Sharon Bridgforth is a writer working in the theatrical jazz aesthetic. She collaborates with actors, dancers, singers and audiences live during performance as she composes moving soundscapes of her non-linear texts. A resident playwright at New Dramatists since 2009, Bridgforth is currently touring The River See Theatrical Jazz Performance Installation, with support from the MAP Fund, the National Performance Network and presenting partners in five states. Bridgforth has been Artist In-Residence at universities including: the University of Iowa’s MFA Playwrights Program; The Theatre School at DePaul University; and The Department of Performance Studies at Northwestern University. Publications include love conjure/blues, Lambda Literary Award winning, the bull-jean stories, RedBone Press, and Experiments in a Jazz Aesthetic: Art, Activism, Academia, and the Austin Project, University of Texas Press, which she co-edited with Dr. Omi Osun Joni L. Jones, and Dr. Lisa Lynn Moore. Bridgforth’s performance script, delta dandi is published in solo/black/woman, Northwestern University Press.
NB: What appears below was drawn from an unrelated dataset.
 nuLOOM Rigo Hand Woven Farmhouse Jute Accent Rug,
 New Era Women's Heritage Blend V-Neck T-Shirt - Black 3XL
Omi Osun Joni L. Jones, Ph.D. is an artist/scholar and an Associate Professor in the African and African Diaspora Studies Department at the University of Texas at Austin. Jones’s scholarship focuses on performance ethnography, theatrical jazz, Yoruba-based aesthetics, Black Feminisms, and activist theatre.  Her recent performances include sista doctaFalling (in Love and War), and Gathering Honey. She is a member of the Urban Futures Network and Body Politic Think Tanks at the Yerba Buena Center for the Arts in San Francisco, and is co-editor with Lisa Moore and Sharon Bridgforth of Experiments in a Jazz Aesthetic: Art, Activism, Academia, and the Austin Project (University of Texas Press, 2010).  Jones’s collaborative ethnography, Theatrical Jazz:  Performance, Ase, and the Power of the Present Moment (Ohio State University Press), was published this year.